Brandon Tolbert

No. 50
- Position: Linebacker

Personal information
- Born: April 6, 1975 (age 51) Villa Rica, Georgia, U.S.
- Listed height: 6 ft 3 in (1.91 m)
- Listed weight: 230 lb (104 kg)

Career information
- High school: Villa Rica (GA)
- College: Georgia
- NFL draft: 1998 (7th round, 214th overall pick)

Career history
- Jacksonville Jaguars (1998)*; Atlanta Falcons (1998)*; Dallas Cowboys (1998–2000); New Orleans Saints (2001)*;
- * Offseason or practice squad member only

Awards and highlights
- Second-team All-SEC (1996);

= Brandon Tolbert =

American football player (born 1975)

Brandon Scott Tolbert (born April 6, 1975) is an American former football linebacker in the National Football League (NFL). He played college football at the University of Georgia. He never played in a regular season NFL game.

==Early life==
Tolbert attended Villa Rica High School, where he was a three-year starter at strong safety. He also saw playing time as a wide receiver and running back. He was a two-time All-county selection and was named first-team Class AA All-State by the Atlanta Journal-Constitution as a senior. He was named the Most Valuable Player of the 1992 Georgia North-South All-star game.

In baseball, he was a three-year starter and received All-county honors at outfielder as a senior.

==College career==
Tolbert accepted a football scholarship from the University of Georgia, where he was converted from strong safety into a linebacker. As a redshirt freshman, he appeared in 9 games and played only on special teams, making 6 tackles.

As a sophomore, he appeared in 9 games with 6 starts at outside linebacker. He missed 2 contests with an injury. He played most of the season behind Randall Godfrey, making 74 tackles (fourth on the team) and 5 tackles for loss (second on the team). He averaged 10 tackles per game in the last 8 contests, while Godfrey was limited with a pulled hamstring. He had 13 tackles and one interception against the University of Kentucky. He had 12 tackles against the University of Florida. He started in the 1995 Peach Bowl, making 5 tackles and one sack.

As a junior, he started all 11 games at strongside linebacker, posting 116 tackles (second on the team).
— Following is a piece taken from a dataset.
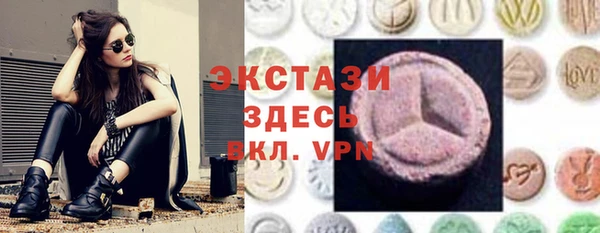 стаф Абаза
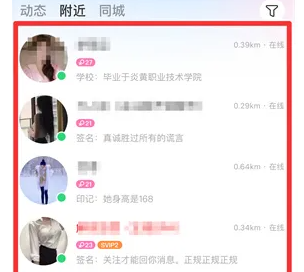 陌聊APP使用方法2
He had a career-high 19 tackles against the University of Kentucky and earned SEC Defensive Player of the Week honors for his 18-tackle performance against Texas Tech University.

As a senior, he started all 11 games and was one of the team's captains. He registered 67 tackles (third on the team) and one interception. He also had one interception in the 1998 Outback Bowl. He finished his college career with 270 tackles, 6.5 sacks, 2 interceptions and one fumble recovery.

==Professional career==
===Jacksonville Jaguars===
Tolbert was selected by the Jacksonville Jaguars in the seventh round (214th overall) of the 1998 NFL draft. He was waived injured on August 24.

===Atlanta Falcons===
On September 2, 1998, he was signed by the Atlanta Falcons to their practice squad. He suffered a pulled hamstring and was released with an injury settlement on September 23.

===Dallas Cowboys===
On November 24, 1998, he was signed by the Dallas Cowboys to their practice squad. On December 7, he was promoted to the active roster. He was declared inactive for the final 3 games and the playoffs.

In 1999, he suffered a torn right ACL during a practice and was placed on the injured reserve list on August 24. In 2000, he tore his left ACL in the fourth preseason game against the Denver Broncos and was placed on waivers-injured reserve on August 21. He wasn't re-signed after the season.

===New Orleans Saints===
On June 4, 2001, he was signed as a free agent by the New Orleans Saints. He was released on August 9, 2001.